So, there are definitely ways that technology can benefit mobile communities. The human rights space is moving more towards the direction of working together, to highlight what the reality is on the ground and then to see what we can do about it.
What are the political and legal strategies to challenge this tech violence at the border?
Molnar: Legally speaking, it is difficult when you don't have a lot of law on which pin responsibility. Some of us have been trying to use international refugee law, international human rights law, and sometimes domestic privacy legislation. And our team at the Refugee Law Lab is thinking about strategic litigation in the future. We’re trying to identify different avenues, for example to get either a moratorium or an outright ban on high risk border technologoes – or find ways to hold entities like Frontex, the European Union's border force, accountable for the tech that they're using for pushbacks and the like.
Politically speaking, it's also about nuanced storytelling Sometimes, my own work gets criticism for not being hard science, I’m told it’s too qualitative and too story driven. But ultimately, it’s about making space for people on the move to tell their own stories and getting them out there in front of policymakers to bring some humanity back into the conversation.
And that's also something that we're trying to change with the way we work at the Migration and Tech Monitor. Because it's about these broader questions of who counts as an expert. Why is my colleague on the move any less of an expert than some academic who's never left their office? People on the move are the ones who are living this reality – every day.

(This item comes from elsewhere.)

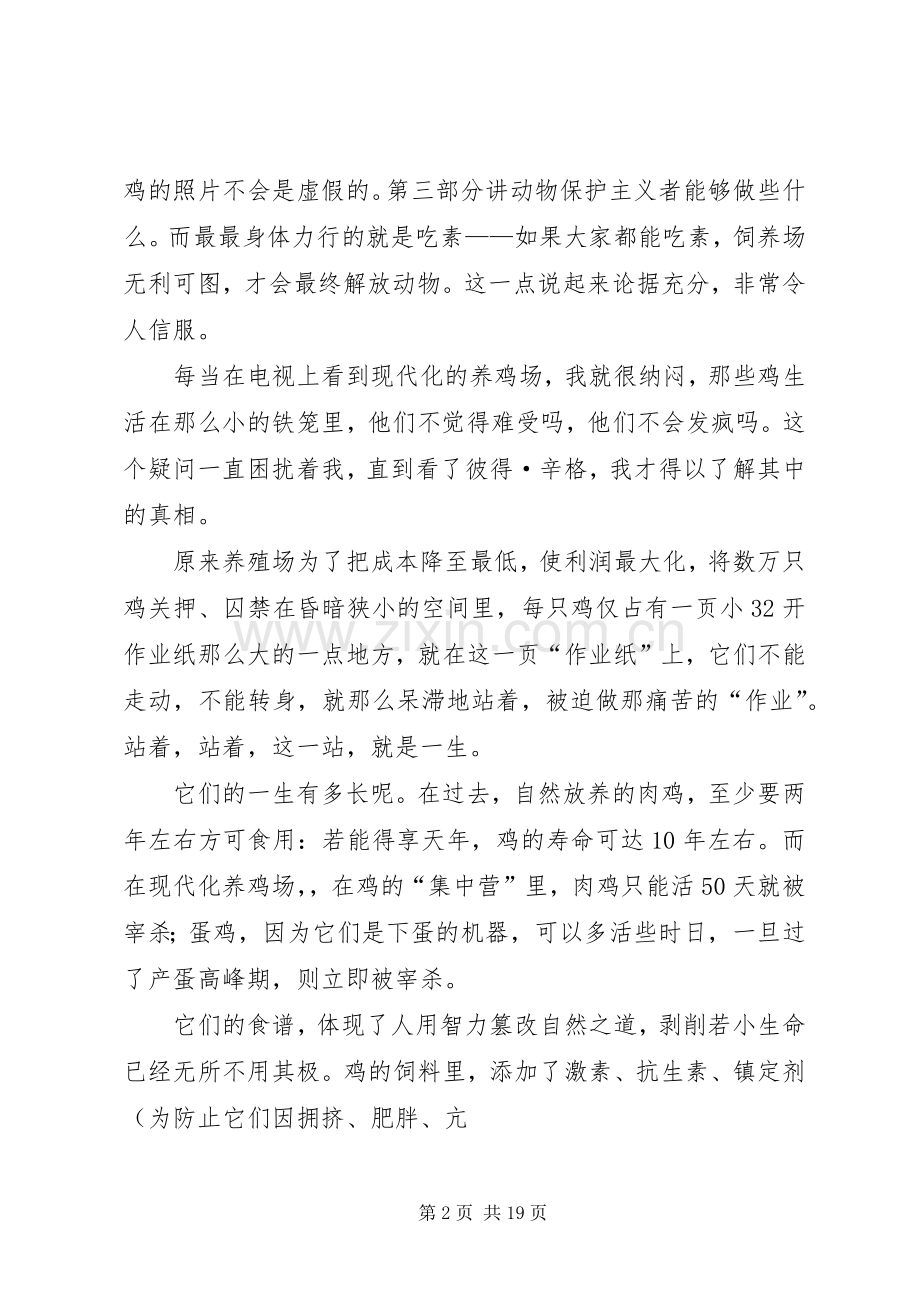 《动物解放》读后感.docx_第2页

Thank you for the interview!
Dr. Petra Molnar is a lawyer and anthropologist specializing in technology, migration, and human rights. Petra has worked all over the world including Kenya, Palestine, Jordan, Turkey, Philippines, Colombia, Canada, and various parts of Europe. She is the co-creator of the Migration and Technology Monitor, a collective of civil society, journalists, academics, and filmmakers interrogating technological experiments on people crossing borders. She is also the Associate Director of the Refugee Law Lab at York University and a Faculty Associate at the Berkman Klein Center for Critical Internet at Harvard University. Petra’s first book is called The Walls Have Eyes: Surviving Migration in the Age of Artificial Intelligence (The New Press, 2024).
She is a Distinguished Fellow at the Weizenbaum Institute from June to September 2024.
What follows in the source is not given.